[PROVIDED ENTRIES]
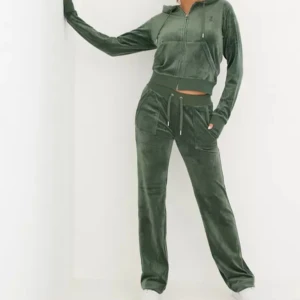 Mörk Gröna Juicy Couture - Säljer mina mörk gröna juicy couture pga av att de är för små för mig. Använda ca 7 gånger. Storlek S på båda men de är lite stora i storleken så att de skulle passa som M. Orginal pris 2100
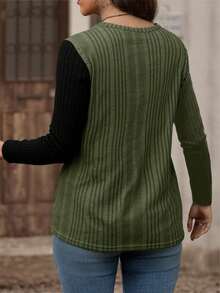 EMERY ROSE Damen Große Größen Kontrast-Farbiges Rundhals Langarm Knopf Design Lässig Rippstrick T-Shirt - Grün - Übersicht 2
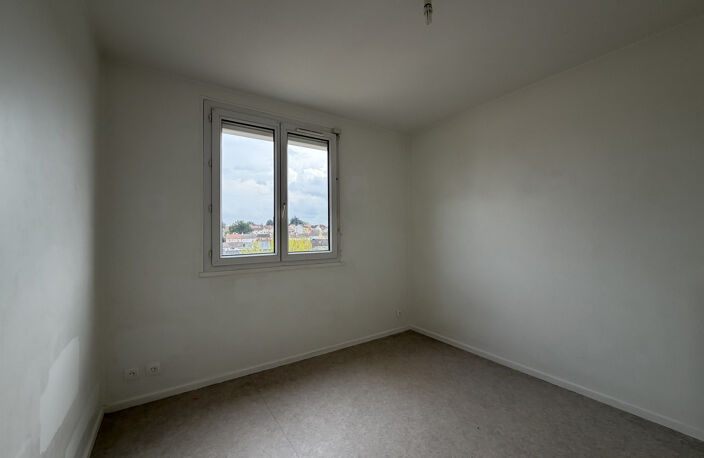 A LOUER LE MANS FUNAY APPARTEMENT DE TYPE 3 AVEC CAVE ET PAR — photo 5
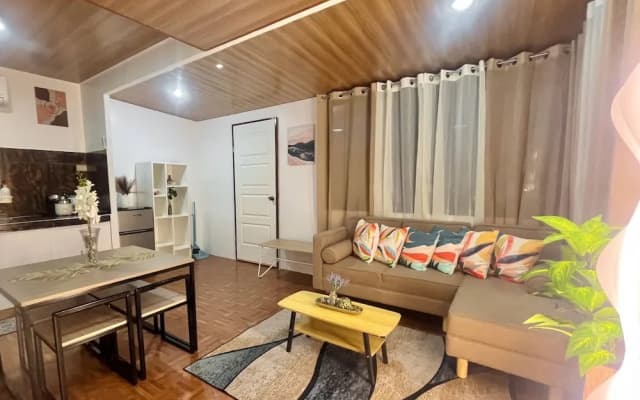Bloomstone Urban Chill Cabin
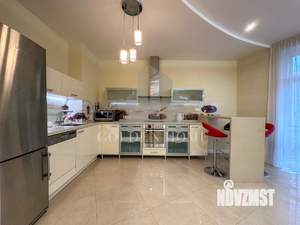 3-к квартира, на длительный срок, 151м2, 4/7 этаж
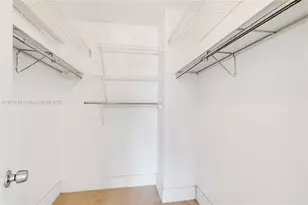 9682 Fontainebleau Blvd, Miami, FL 33172 - Photo 6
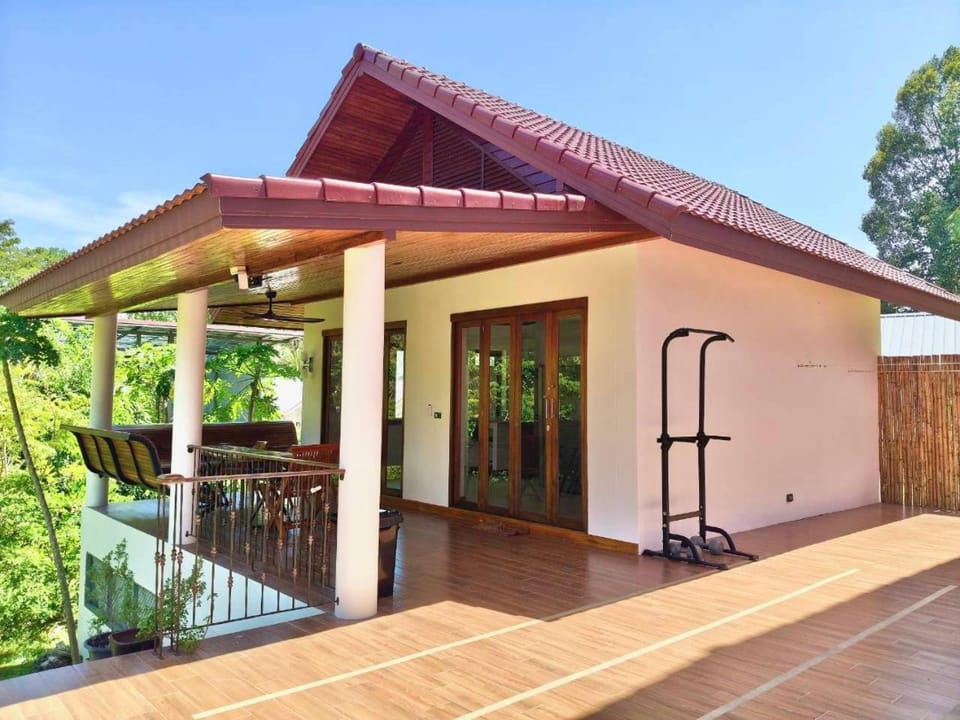 Restaurant/places to eat, Restaurant/places to eat, Kitchen or kitchenette, Dining area, Communal kitchen, kitchen, kitchen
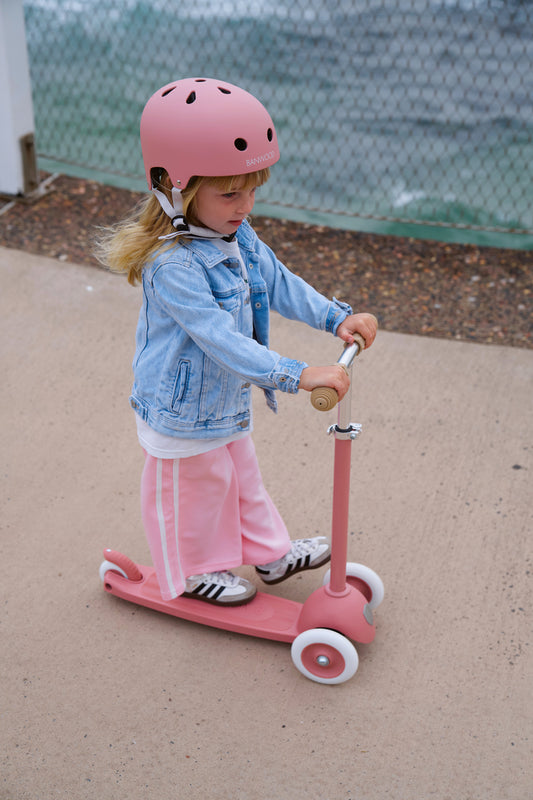 Enfant en vacances trottinette rose bord de mer activité plein air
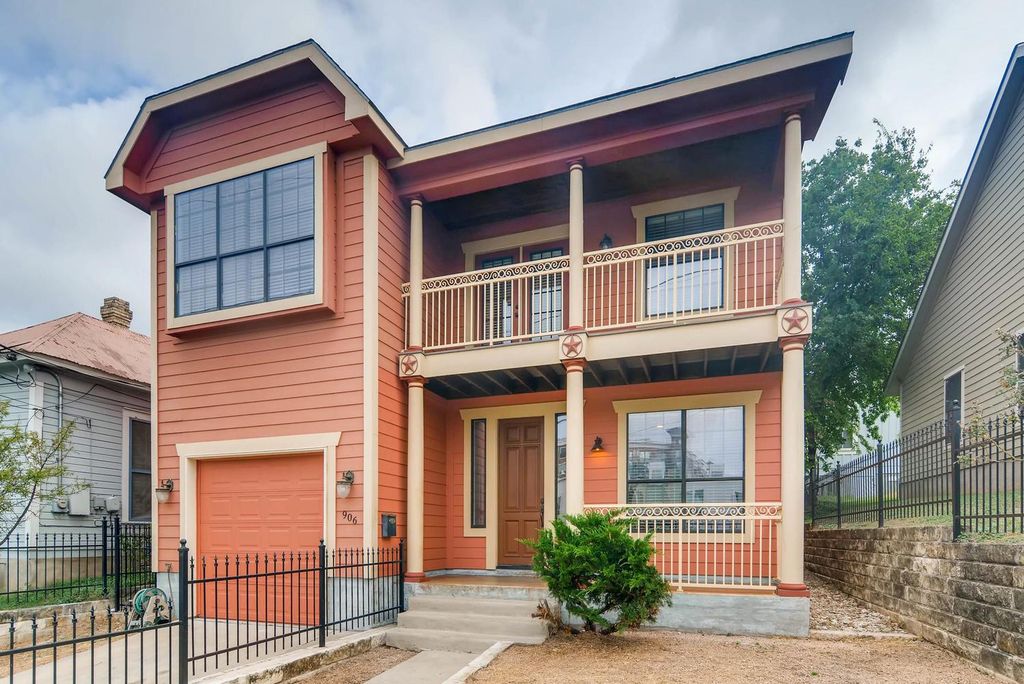 906 Juniper ST, Austin, TX 78702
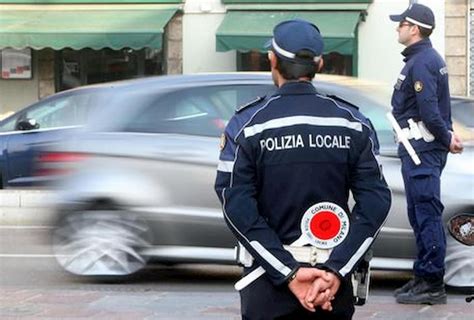 Milano Multe Cancellate In Cambio Di Cene Arrestate Tre Vigilesse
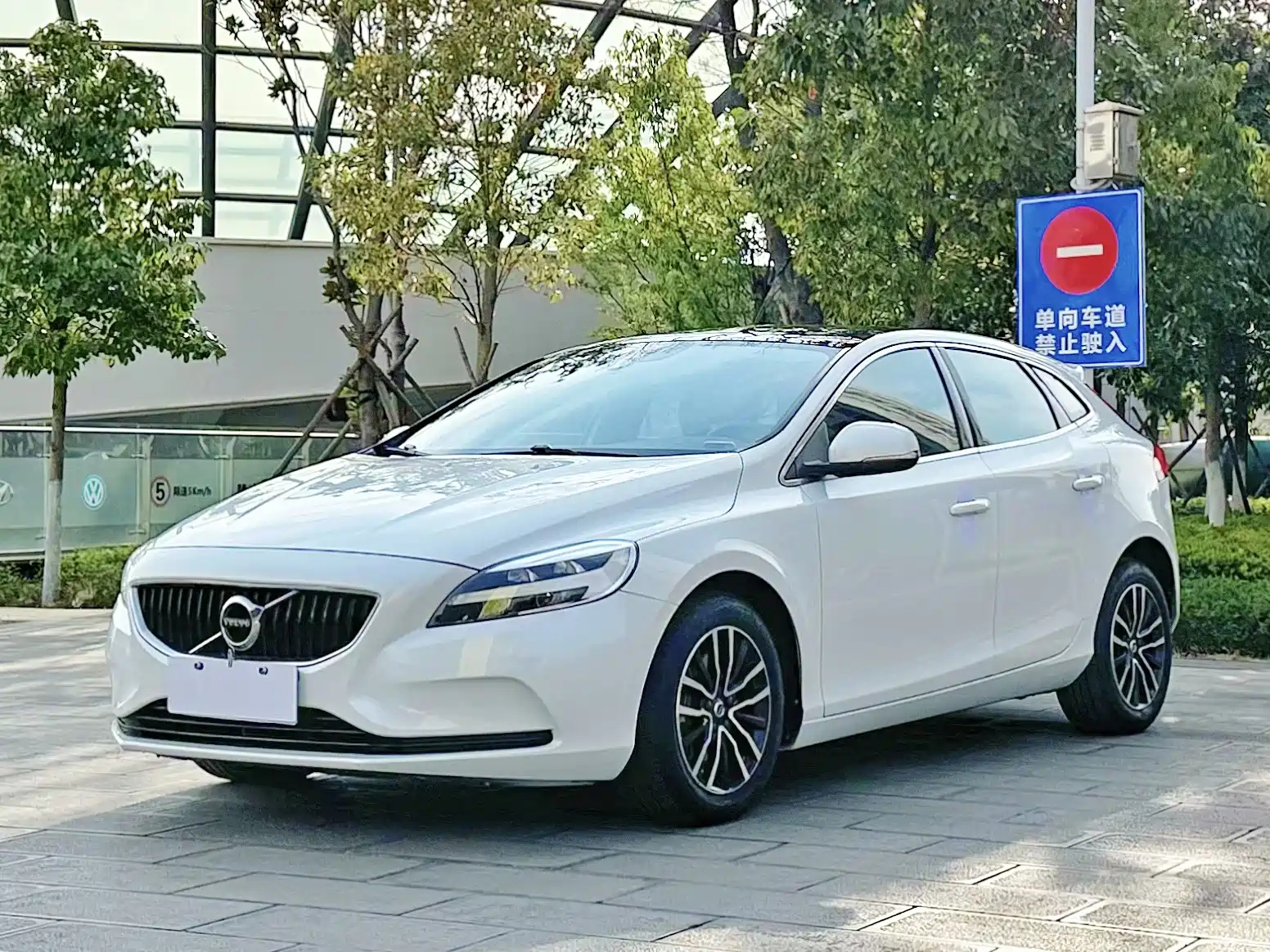 VOLVO V40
[/PROVIDED ENTRIES]
**TASK TO COMPLETE**
Could you reproduce the records above exactly, leaving out every picture?

**WRITTEN REPLY**
 Mörk Gröna Juicy Couture - Säljer mina mörk gröna juicy couture pga av att de är för små för mig. Använda ca 7 gånger. Storlek S på båda men de är lite stora i storleken så att de skulle passa som M. Orginal pris 2100
 EMERY ROSE Damen Große Größen Kontrast-Farbiges Rundhals Langarm Knopf Design Lässig Rippstrick T-Shirt - Grün - Übersicht 2
 A LOUER LE MANS FUNAY APPARTEMENT DE TYPE 3 AVEC CAVE ET PAR — photo 5
Bloomstone Urban Chill Cabin
 3-к квартира, на длительный срок, 151м2, 4/7 этаж
 9682 Fontainebleau Blvd, Miami, FL 33172 - Photo 6
 Restaurant/places to eat, Restaurant/places to eat, Kitchen or kitchenette, Dining area, Communal kitchen, kitchen, kitchen
 Enfant en vacances trottinette rose bord de mer activité plein air
 906 Juniper ST, Austin, TX 78702
 Milano Multe Cancellate In Cambio Di Cene Arrestate Tre Vigilesse
 VOLVO V40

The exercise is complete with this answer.